- Instructions for the task
Print every line of the listing below, starting with the line that holds "Concepto de amor" and going on through the line that holds "Cider Retro Plaid", both included, and print nothing else.

- Data records
--- START ---
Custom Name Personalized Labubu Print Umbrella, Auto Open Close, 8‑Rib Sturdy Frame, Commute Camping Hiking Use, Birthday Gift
--- END ---
--- START ---
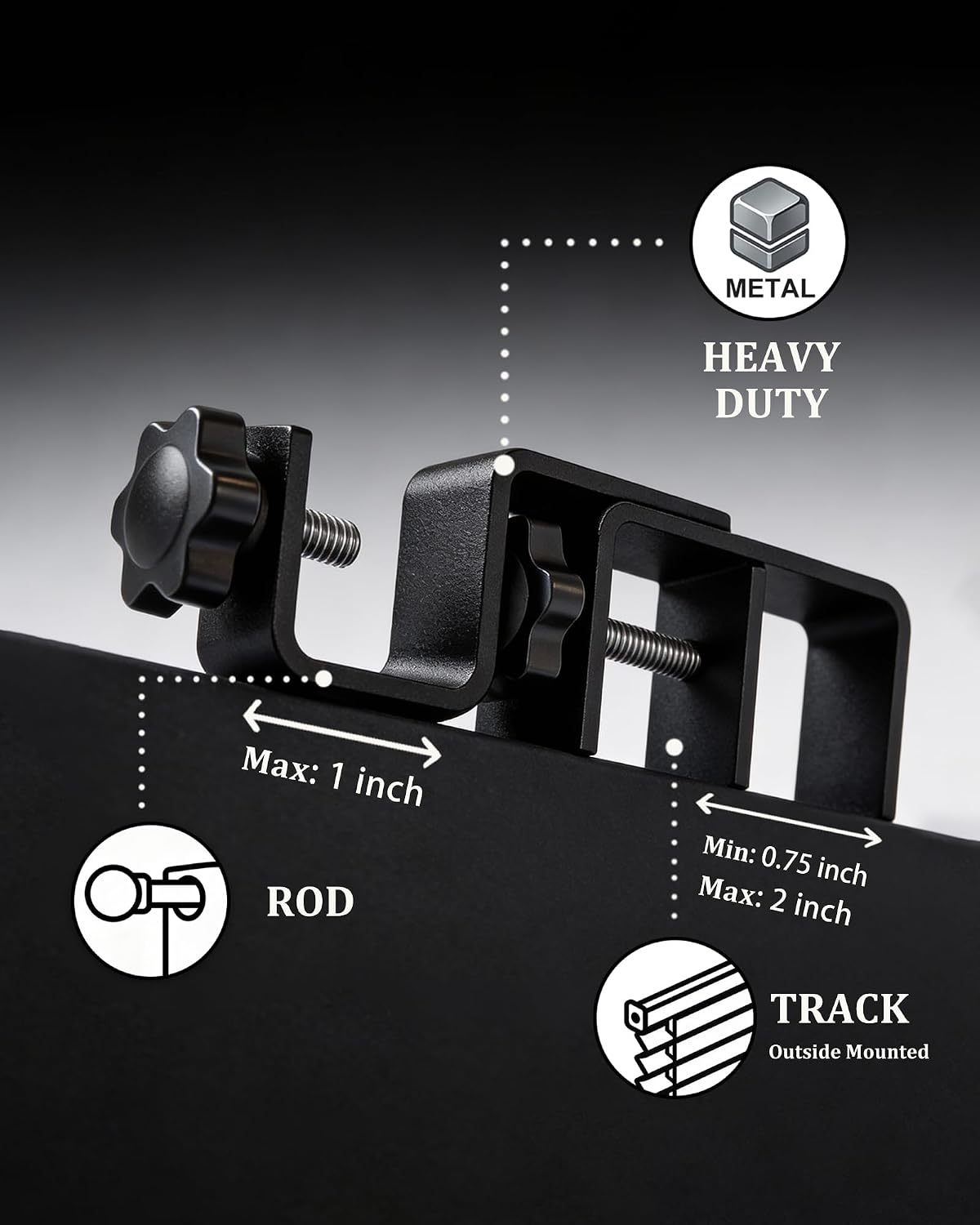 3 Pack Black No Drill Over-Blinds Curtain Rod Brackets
--- END ---
--- START ---
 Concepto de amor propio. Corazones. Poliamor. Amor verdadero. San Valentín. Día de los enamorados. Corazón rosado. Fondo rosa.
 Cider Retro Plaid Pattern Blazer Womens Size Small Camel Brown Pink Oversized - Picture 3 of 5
--- END ---
- Answer section
 Concepto de amor propio. Corazones. Poliamor. Amor verdadero. San Valentín. Día de los enamorados. Corazón rosado. Fondo rosa.
 Cider Retro Plaid Pattern Blazer Womens Size Small Camel Brown Pink Oversized - Picture 3 of 5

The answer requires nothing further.